**Exercise aim**
Restate verbatim the span of lines below between the line with "Cambio manuale Nissan" and the line with "2027 Ford Super Duty F-350 SRW XL", including those two lines, and only that span.
[Start of section]
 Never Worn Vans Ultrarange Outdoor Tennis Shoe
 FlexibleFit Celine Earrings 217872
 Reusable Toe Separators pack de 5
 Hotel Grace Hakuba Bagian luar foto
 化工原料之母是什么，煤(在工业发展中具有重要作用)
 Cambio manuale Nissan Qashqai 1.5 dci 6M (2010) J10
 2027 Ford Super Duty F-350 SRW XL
[End of section]
[Start of section]
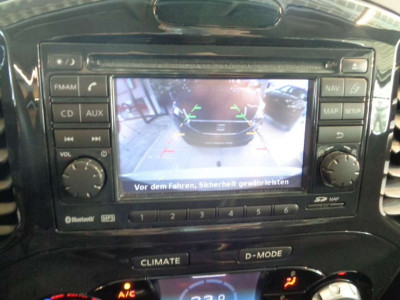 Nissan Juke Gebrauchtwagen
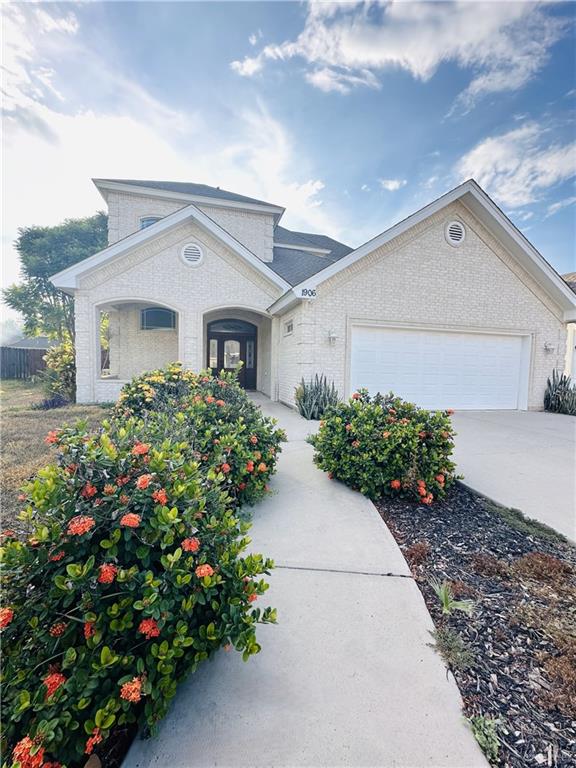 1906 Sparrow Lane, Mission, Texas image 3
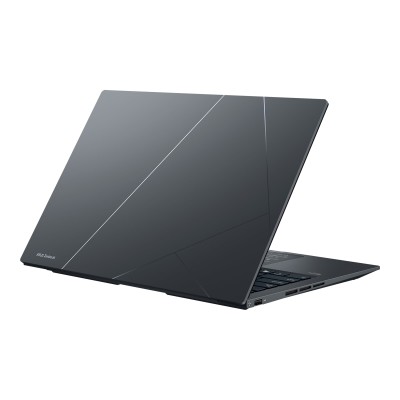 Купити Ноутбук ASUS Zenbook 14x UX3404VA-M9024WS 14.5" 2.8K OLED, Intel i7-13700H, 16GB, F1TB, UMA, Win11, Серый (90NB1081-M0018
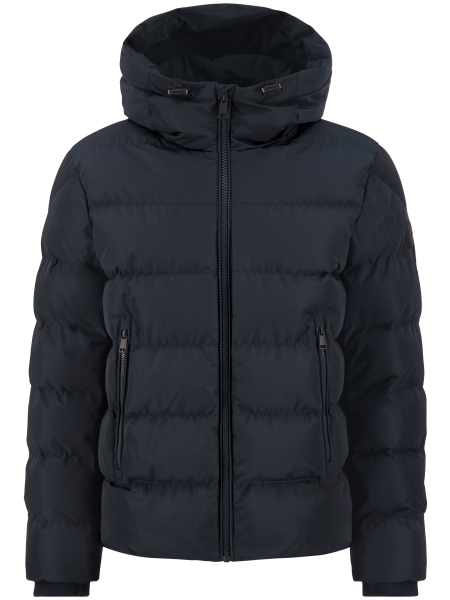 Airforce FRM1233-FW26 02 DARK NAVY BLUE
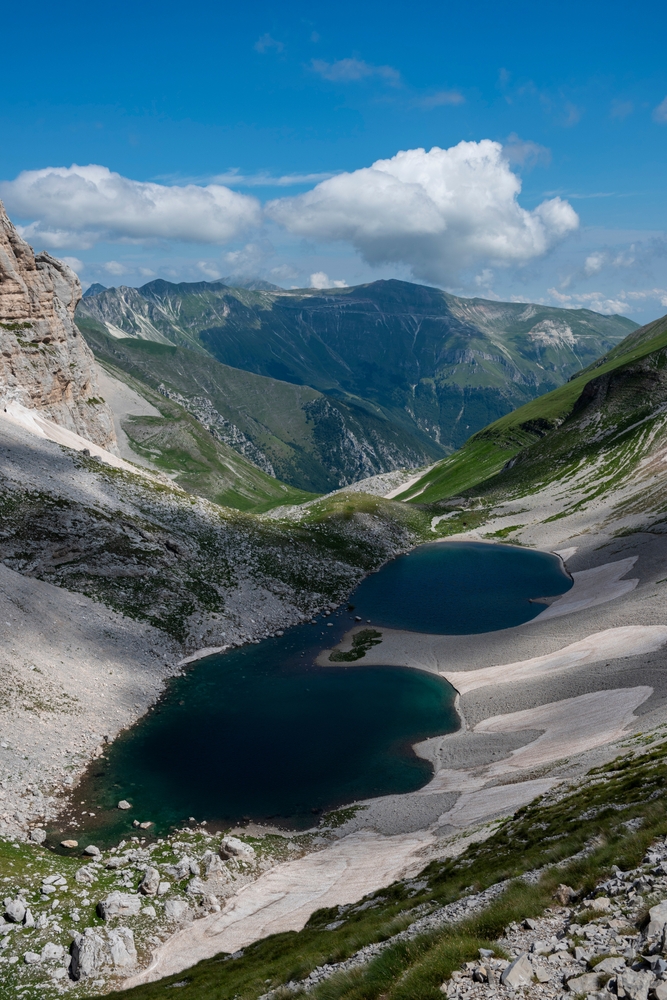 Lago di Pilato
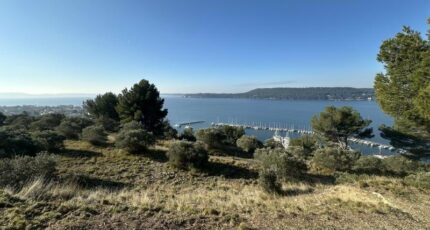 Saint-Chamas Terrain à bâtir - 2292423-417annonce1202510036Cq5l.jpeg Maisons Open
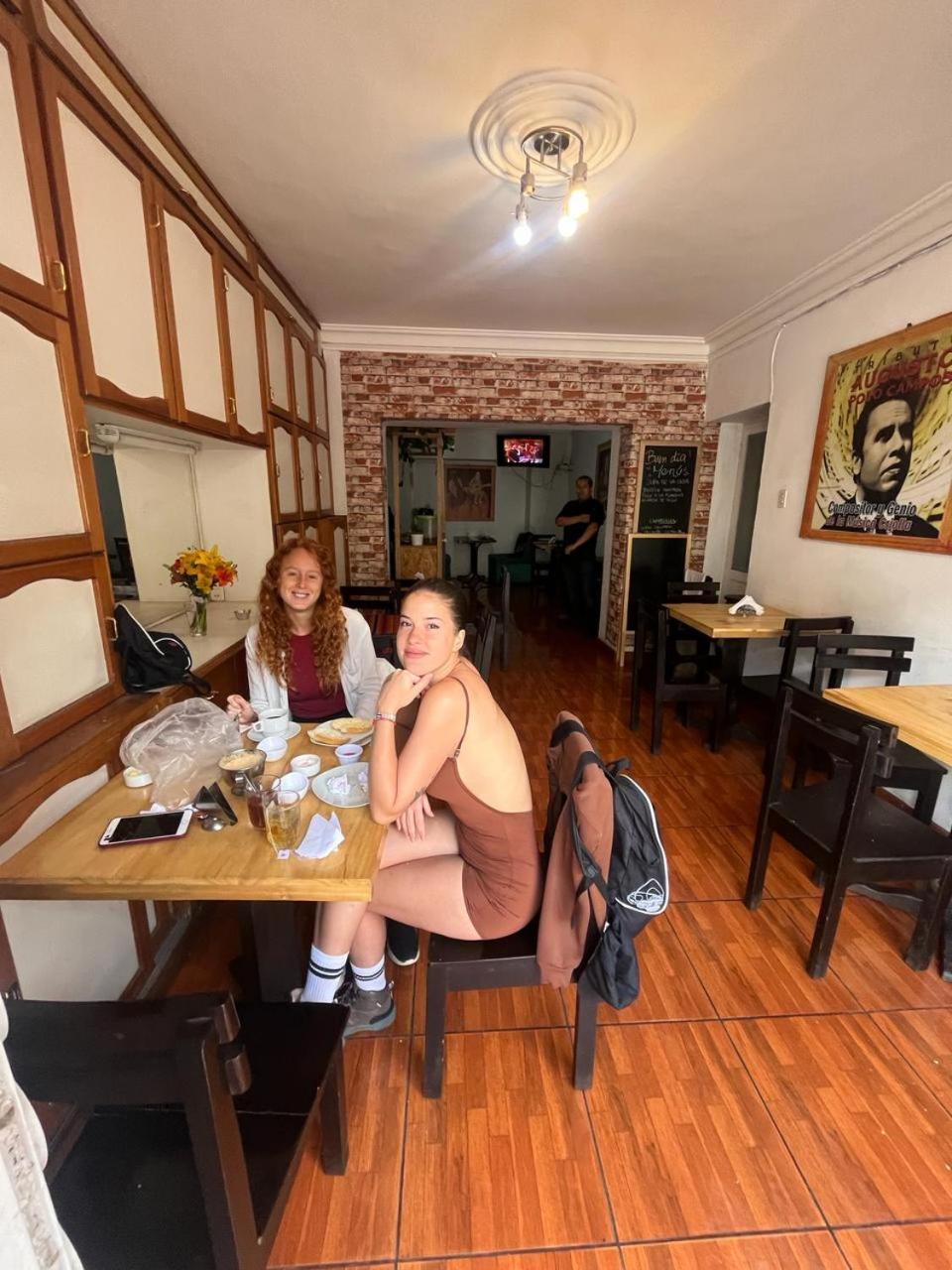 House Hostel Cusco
[End of section]
**Solution for this exercise**
 Cambio manuale Nissan Qashqai 1.5 dci 6M (2010) J10
 2027 Ford Super Duty F-350 SRW XL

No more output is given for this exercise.